What did our beloved Claret and Cobalt do the evening of March, 10th? They did what they trained for. They did what they most wanted. They did what they are capable of. They “came to score” (The Aggrolites).
If today were a popular chant, I reckon it would involve not being able to hear a (insert curse word of choice hear — it varies) thing. It is, it seems, another slow day in the world of RSL, but in the land of MLS, there's a little movement.
Most notably, this year's tie-breaking rules have been announced, with the first tie-breaker for league position being goals scored and the second being goal differential. This does buck the trend seen worldwide a bit, but I'm having trouble getting too up-in-arms about it. The third is strange — disciplinary points, of all things, act as a tie-breaker.

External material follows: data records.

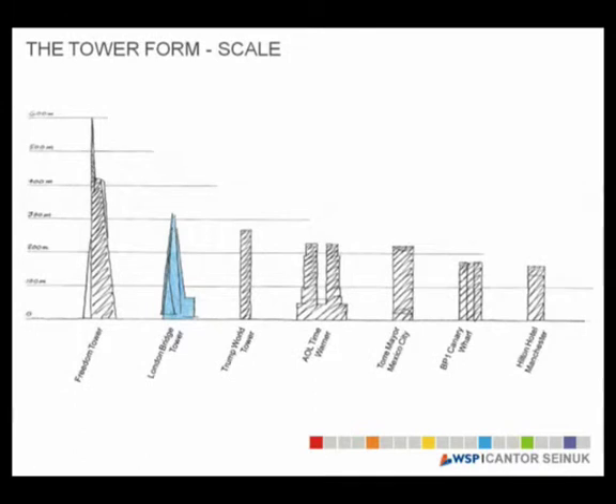The tower form — 310 meters is not, in today's terms, really tall. It is the tallest in Western Europe because another project is being designed a couple of hundred meters taller in Russia. But 300 meters, six or seven years ago, was quite tall. Comparing it to some of our other projects, the Freedom Tower is about 600 meters — roughly twice the height. And the Manchester Hilton, which won the CTBUH award last year, is only 175 meters. So it is quite a tall building.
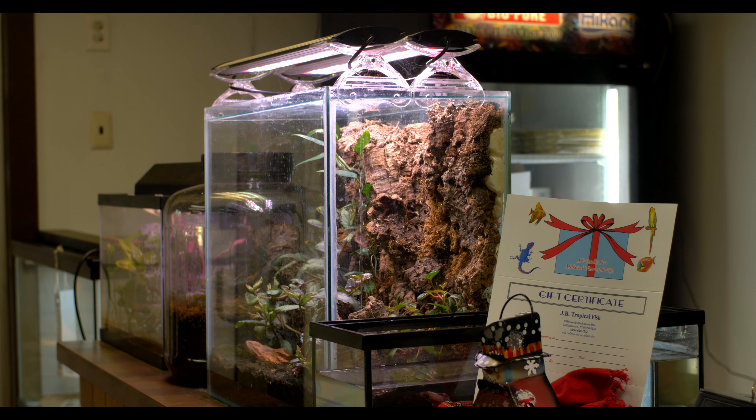This is our firefly, and she's a yearling. She can get up to about five feet in length. She's beautiful in her color.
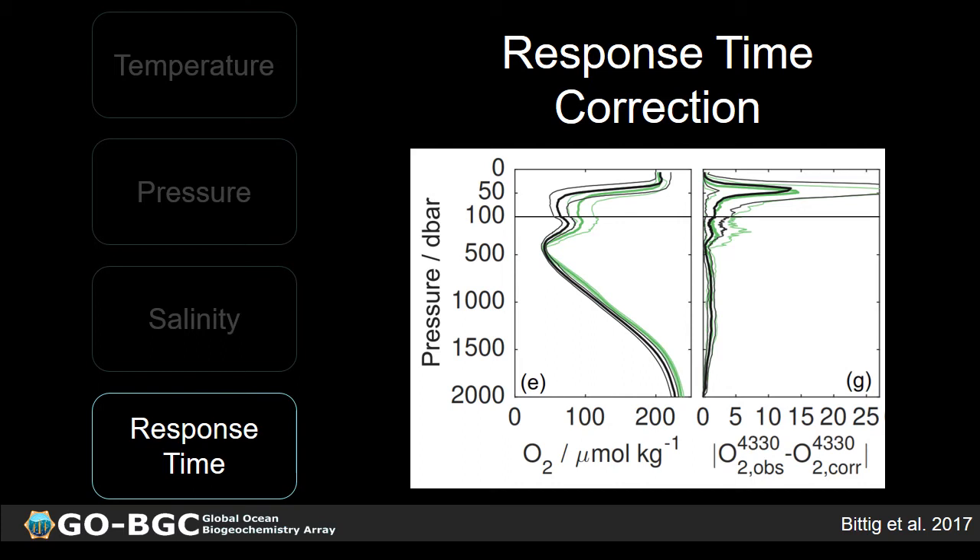The final thing to consider is response time. Optodes have a fairly slow response time, which can lead to relatively large errors when there is a large oxygen gradient — errors as high as 15 micromole per kilogram for some profiles, and potentially up to 30 micromolar for even larger gradients. Fortunately, Bittig et al. 2017 proposed a two-layer diffusion model that can correct for these response time errors.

In fact, for the first time this season, I've seen the disciplinary points breakdown, and we're only two behind league "leaders" Montreal Impact. How exactly we have 420 disciplinary points is beyond me. It's a combination of fouls, cards and disciplinary committee action. While we haven't had too much disciplinary committee action, we have been subjected to some questionable red card decisions, and those certainly play into our, uh, ranking.

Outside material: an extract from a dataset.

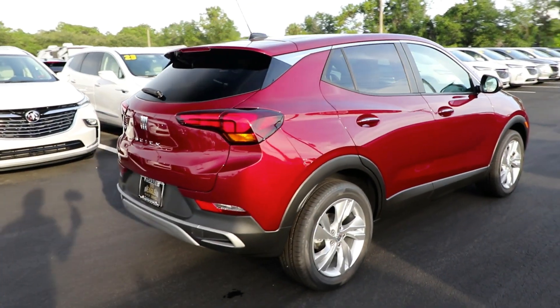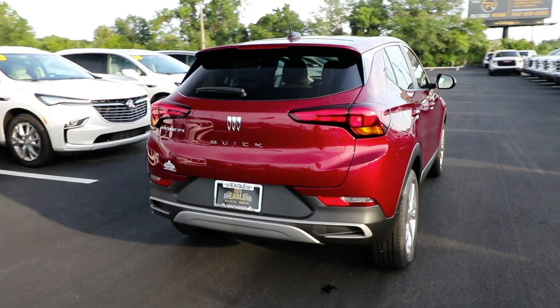Life is short. Don't miss the chance to have a little fun along the way. Get behind the wheel of the Encore.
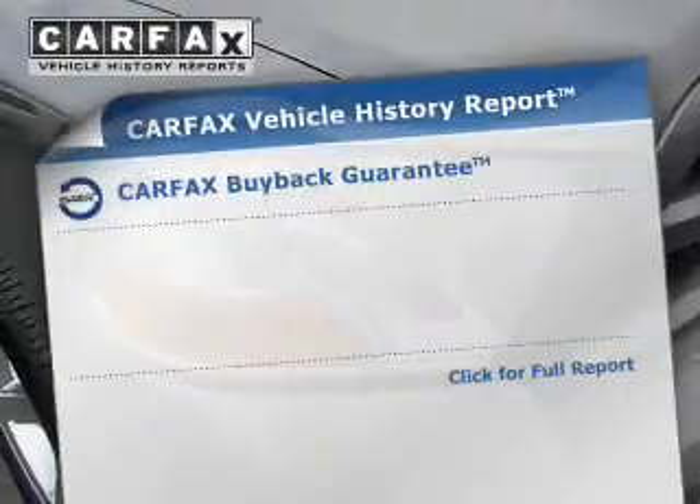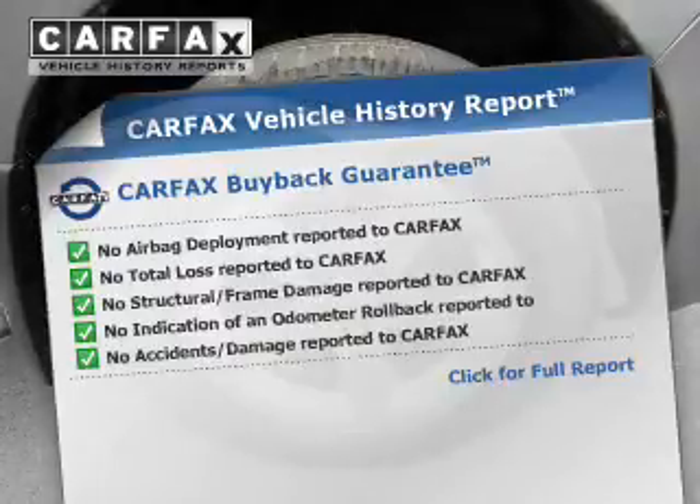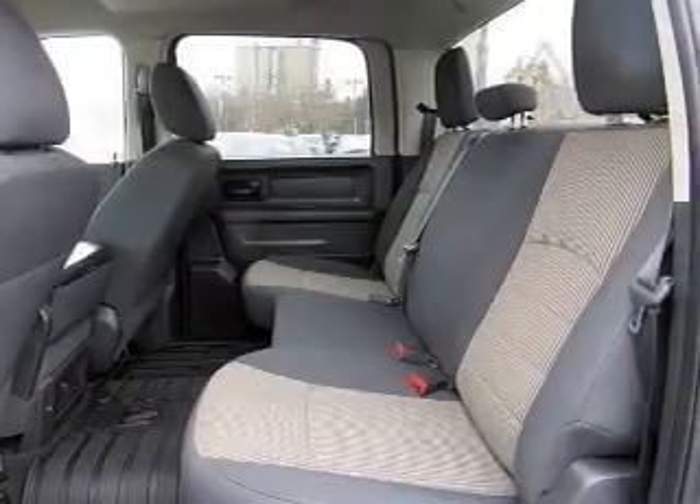Rest easy knowing this vehicle comes with a Carfax Vehicle History Report from Carfax, the most trusted provider of vehicle history information. Great quality at a great price. Call or click to contact us today.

Although the news was decided in April, it was, for some reason or another, announced today. I mean, that's a bit weird and perhaps unwise, but in the grand scheme of the game, it's a minor thing, isn't it? The clubs apparently knew about it, so there's no issue of unfair advantage. And at some point, it does strengthen the argument for better attacking play in the league, but at what cost? I don't know. It is a little odd to think that a team might have a negative goal difference and still rank ahead of a team with a positive one.
For instance, Vancouver, with 34 points, has a -2 goal difference, while three points ahead of them, the Sounders have a +9 goal difference. It's not entirely unconceivable that they'd end up level on points, and if things just happened to go one way, it would be awfully weird. Of course, that's probably not going to happen, and it's rare that they'll get down to the coin toss portion of the tiebreakers.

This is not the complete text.